Dr. Blecher offers his final (promise) thoughts:

"As previously stated, I agree that the PRP studies are less than perfect. Despite Dr. Mall's critiques, however, they do show statistically significant improvements with PRP therapy. We could discuss the merits of each study ad infinitum because perfect studies on new treatments rarely occur. But it should be noted that such flawless studies do not exist for many of the alternative treatments that Dr Mall suggests including the benefit of:

  • Rest
  • Decreasing/Stopping irritating activity
  • Stretching
  • Eccentric strengthening
  • Ultrasound
  • Heat/Cold
  • Electrical Stimulation
  • Cross Friction Massage
  • Astym (soft tissue therapy) 
  • Bracing
  • Compression Wrap
  • Medication (anti-inflammatories)
  • Steroid Injections
  • Acupuncture
  • Cold Laser; and
  • Diet (Omega 3s)

In fact, treatments such as physical therapy, steroid injections and even surgery often lack this type of evidence to substantiate their use for many of the indications for which they and PRP are used.

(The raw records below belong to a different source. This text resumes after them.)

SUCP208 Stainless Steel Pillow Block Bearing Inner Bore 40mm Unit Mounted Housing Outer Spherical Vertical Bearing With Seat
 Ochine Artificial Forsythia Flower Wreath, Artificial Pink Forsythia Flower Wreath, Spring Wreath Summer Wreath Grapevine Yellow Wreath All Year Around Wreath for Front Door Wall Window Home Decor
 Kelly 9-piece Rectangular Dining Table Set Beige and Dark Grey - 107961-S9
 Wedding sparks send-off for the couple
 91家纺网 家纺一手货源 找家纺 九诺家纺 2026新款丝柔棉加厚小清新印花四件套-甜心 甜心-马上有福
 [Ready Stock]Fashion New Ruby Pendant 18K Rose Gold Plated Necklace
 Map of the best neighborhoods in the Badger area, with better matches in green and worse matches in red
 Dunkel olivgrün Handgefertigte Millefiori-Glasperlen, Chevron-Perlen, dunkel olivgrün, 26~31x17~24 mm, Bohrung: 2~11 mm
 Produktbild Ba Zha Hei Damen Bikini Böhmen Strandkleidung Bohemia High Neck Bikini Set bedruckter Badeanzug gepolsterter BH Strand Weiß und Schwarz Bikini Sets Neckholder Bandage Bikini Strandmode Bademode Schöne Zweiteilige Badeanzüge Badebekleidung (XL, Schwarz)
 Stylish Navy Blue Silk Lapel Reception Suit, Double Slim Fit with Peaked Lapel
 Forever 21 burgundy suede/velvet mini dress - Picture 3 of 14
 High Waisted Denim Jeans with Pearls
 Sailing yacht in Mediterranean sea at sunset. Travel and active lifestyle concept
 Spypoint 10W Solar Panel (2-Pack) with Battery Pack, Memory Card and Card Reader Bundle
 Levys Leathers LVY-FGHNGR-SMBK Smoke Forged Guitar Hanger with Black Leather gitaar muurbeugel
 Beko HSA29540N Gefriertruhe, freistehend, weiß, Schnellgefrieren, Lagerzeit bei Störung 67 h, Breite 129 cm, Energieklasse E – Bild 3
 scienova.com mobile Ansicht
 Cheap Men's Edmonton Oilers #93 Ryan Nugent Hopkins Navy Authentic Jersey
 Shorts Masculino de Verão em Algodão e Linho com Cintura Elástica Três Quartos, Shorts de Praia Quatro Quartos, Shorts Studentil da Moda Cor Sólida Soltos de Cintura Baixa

I think it is safe to say that we agree that PRP treatment is not a panacea for all musculoskeletal conditions and should be used only in appropriate situations. It is up to each practitioner to synthesize the available evidence and determine how it will affect his or her practice.

I, for one, do find a growing role for PRP in my sports medicine practice. Dr Mall states that he has used it as well, which suggests that he must believe in its potential benefit to some degree. He is not alone. There are a growing number of well-informed patients who have tried and failed other treatments and seek out PRP therapy as an option of last resort. This includes patients who have failed surgery as well.

As with any procedure (surgery and PRP included), it is important that the patient have informed consent as to the potential risks and benefits of the treatment as well as the other treatment options available to them. If a practitioner does not believe enough in the potential benefits of a treatment until it is proven "beyond a reasonable doubt", then they will simply not offer that treatment.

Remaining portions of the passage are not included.